GIVEN MATERIAL:

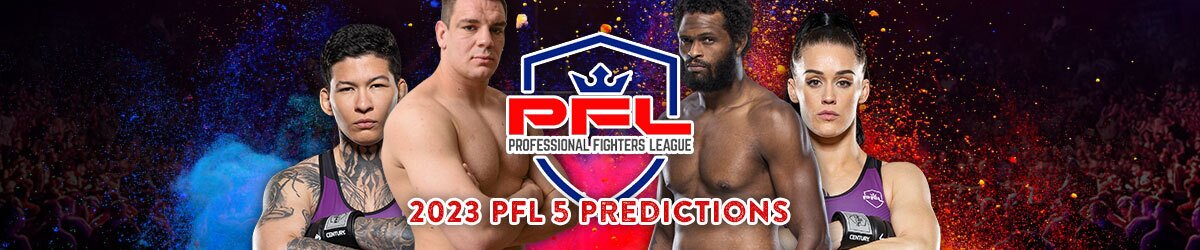 2023 PFL % Odds with PFL logo centered, fighters (L-R): Larissa Pacheco, Ante Delija, Maurice Greene, and Amber Leibrock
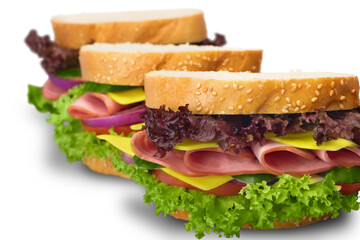 group of tasty sandwiches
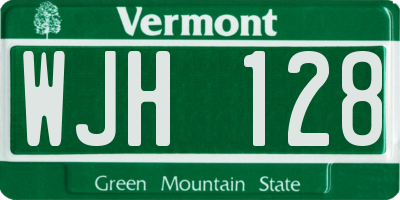 VT license plate WJH128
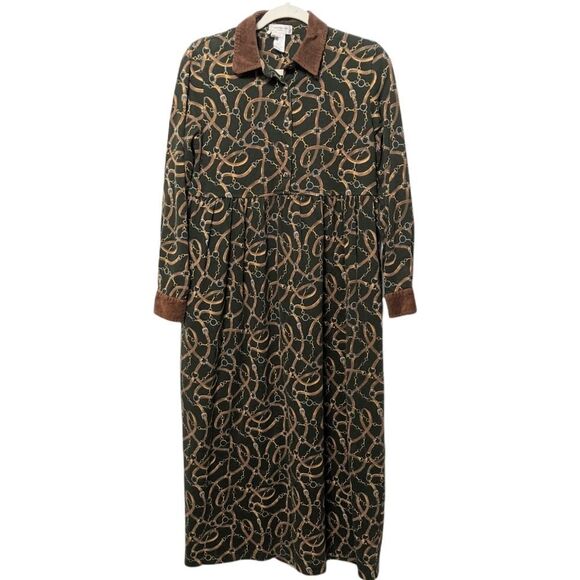 VINTAGE Jones New York Horsebit Chain Print Maxi Dress S - Picture 2 of 8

EXERCISE DIRECTIONS:
What is needed is the data above, retyped exactly, with every picture left out.

RESPONSE TO THIS EXERCISE:
 2023 PFL % Odds with PFL logo centered, fighters (L-R): Larissa Pacheco, Ante Delija, Maurice Greene, and Amber Leibrock
 group of tasty sandwiches
 VT license plate WJH128
 VINTAGE Jones New York Horsebit Chain Print Maxi Dress S - Picture 2 of 8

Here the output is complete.